There are, however, quadratic running times that manage to hide even better than this. Consider the following solution, for example:
>>> s = sum(string_producer(), '')
Traceback (most recent call last):
...
TypeError: sum() can't sum strings [use ''.join(seq) instead]
Python complains and asks you to use ''.join() instead (and rightly so). But what if you’re using lists?
>>> lists = [[1, 2], [3, 4, 5], [6]]
>>> sum(lists, [])
[1, 2, 3, 4, 5, 6]
This works, and it even looks rather elegant, but it really isn’t. You see, under the covers, the sum function doesn’t know all too much about what you’re summing, and it has to do one addition after another. That way, you’re right back at the quadratic running time of the += example for strings. Here’s a better way:
>>> res = []
>>> for lst in lists:
... res.extend(lst)
Just try timing both versions. As long as lists is pretty short, there won’t be much difference, but it shouldn’t take long before the sum version is thoroughly beaten.
The Trouble with Floats
Most real numbers have no exact finite representation. The marvelous invention of floating-point numbers makes it seem like they do, though, and even though they give us a lot of computing power, they can also trip us up. Big time. In the second volume of The Art of Computer Programming, Knuth says, “Floating point computation is by nature inexact, and programmers can easily misuse it so that the computed answers consist almost entirely of ‘noise.’”18
Python is pretty good at hiding these issues from you, which can be a good thing if you’re seeking reassurance, but it may not help you figure out what’s really going on. For example, in current version of Python, you’ll get the following reasonable behavior:
>>> 0.1
0.1
It certainly looks like the number 0.1 is represented exactly. Unless you know better, it would probably surprise you to learn that it’s not. Try an earlier version of Python (say, 2.6), where the black box was slightly more transparent:
>>> 0.1
0.10000000000000001
Now we’re getting somewhere. Let’s go a step further (feel free to use an up-to-date Python here):
>>> sum(0.1 for i in range(10)) == 1.0
False
Ouch! That’s not what you’d expect without previous knowledge of floats.

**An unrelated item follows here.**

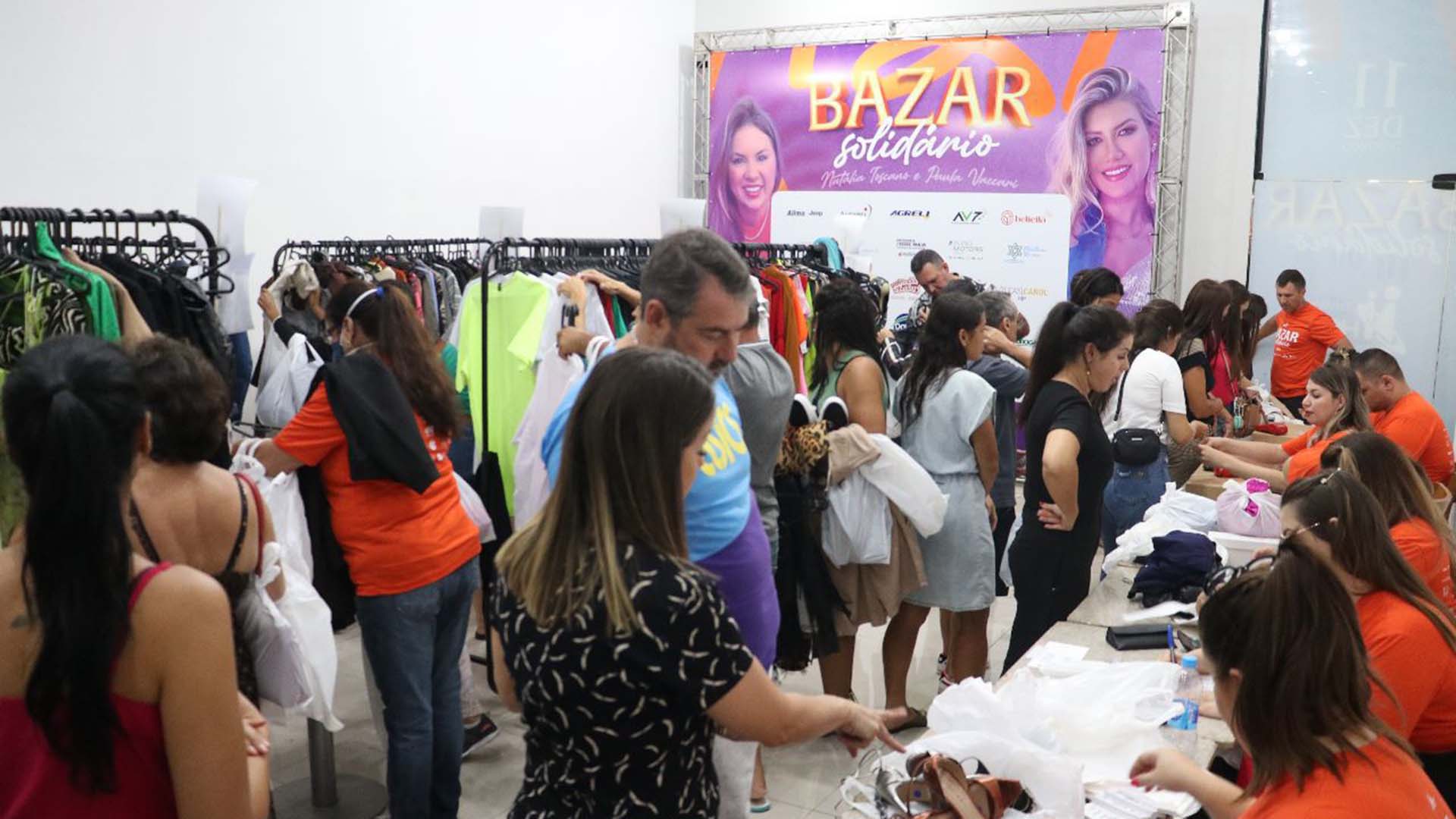 Bazar solidário de Natália Toscano e Paula Vaccari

The thing is, integers can be represented exactly in any number system, be it binary, decimal, or something else. Real numbers, though, are a bit trickier. The official Python tutorial has an excellent section on this,19 and David Goldberg has written a great and thorough tutorial paper. The basic idea should be easy enough to grasp if you consider how you’d represent 1/3 as a decimal number. You can’t do it exactly, right? If you were using the ternary number system, though (base 3), it would be easily represented as 0.1.

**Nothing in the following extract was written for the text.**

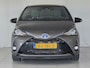 Toyota Yaris 1.5 Hybrid Bi-Tone Plus | Panoramadak | Navigatie | Parkeercamera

The first lesson here is to never compare floats for equality. It generally doesn’t make sense. Still, in many applications such as computational geometry, you’d very much like to do just that. Instead, you should check whether they are approximately equal. For example, you could take the approach of assertAlmostEqual from the unittest module:
>>> def almost_equal(x, y, places=7):
... return round(abs(x-y), places) == 0
...
>>> almost_equal(sum(0.1 for i in range(10)), 1.0)
True
There are also tools you can use if you need exact decimal floating-point numbers, for example the decimal module.
>>> from decimal import *
>>> sum(Decimal("0.1") for i in range(10)) == Decimal("1.0")
True
This module can be essential if you’re working with financial data, for example, where you need exact calculations with a certain number of decimals. In certain mathematical or scientific applications, you might find tools such as Sage useful:20
sage: 3/5 * 11/7 + sqrt(5239)
13*sqrt(31) + 33/35
As you can see, Sage does its math symbolically, so you get exact answers, although you can also get decimal approximations, if needed. This sort of symbolic math (or the decimal module) is nowhere near as efficient as using the built-in hardware capabilities for floating-point calculations, though.

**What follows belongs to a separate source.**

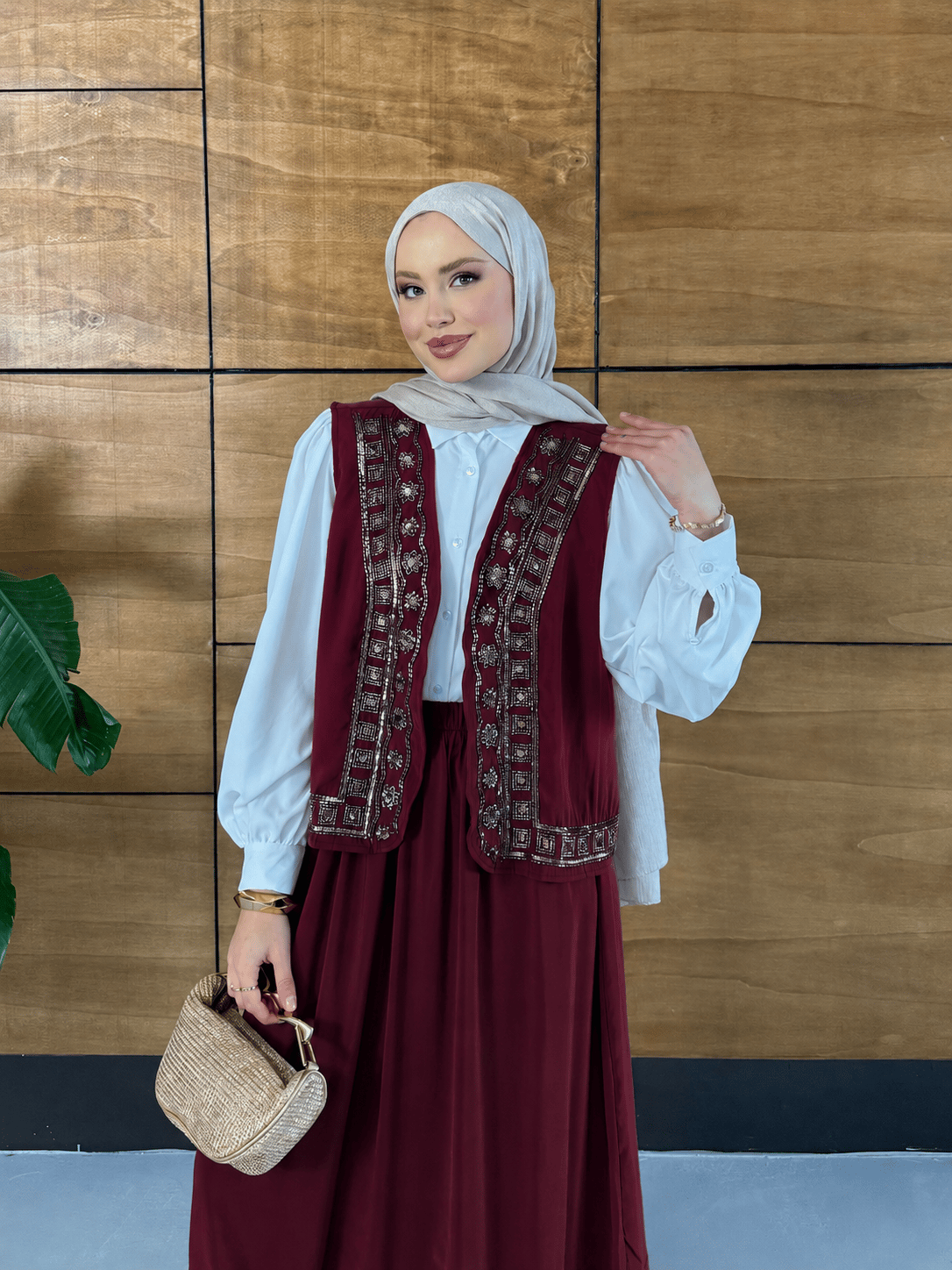 Nessa İşlemeli Tensel Yelek Etek Takım Bordo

If you find yourself doing floating-point calculations where accuracy is key (that is, you’re not just sorting them or the like), a good source of information is Acton’s book, mentioned earlier. Let’s just briefly look at an example of his: You can easily lose significant digits if you subtract two nearly equal subexpressions. To achieve higher accuracy, you’ll need to rewrite your expressions. Consider, for example, the expression sqrt(x+1)-sqrt(x), where we assume that x is very big. The thing to do would be to get rid of the risky subtraction. By multiplying and dividing by sqrt(x+1)+sqrt(x), we end up with an expression that is mathematically equivalent to the original but where we have eliminated the subtraction: 1.0/(sqrt(x+1)+sqrt(x)). Let’s compare the two versions:
>>> from math import sqrt
>>> x = 8762348761.13
>>> sqrt(x + 1) - sqrt(x)
5.341455107554793e-06
>>> 1.0/(sqrt(x + 1) + sqrt(x))
5.3414570026237696e-06
As you can see, even though the expressions are equivalent mathematically, they give different answers (with the latter being more accurate).
A QUICK MATH REFRESHER
If you’re not entirely comfortable with the formulas used in Table 2-1, here is a quick rundown of what they mean: A power, like x y (x to the power of y), is basically x times itself y times. More precisely, x occurs as a factor y times. Here, x is called the base, and y is the exponent (or sometimes the power). So, for example, 32 = 9. Nested powers simply have their exponents multiplied: (32)4 = 38. In Python, you write powers as x**y.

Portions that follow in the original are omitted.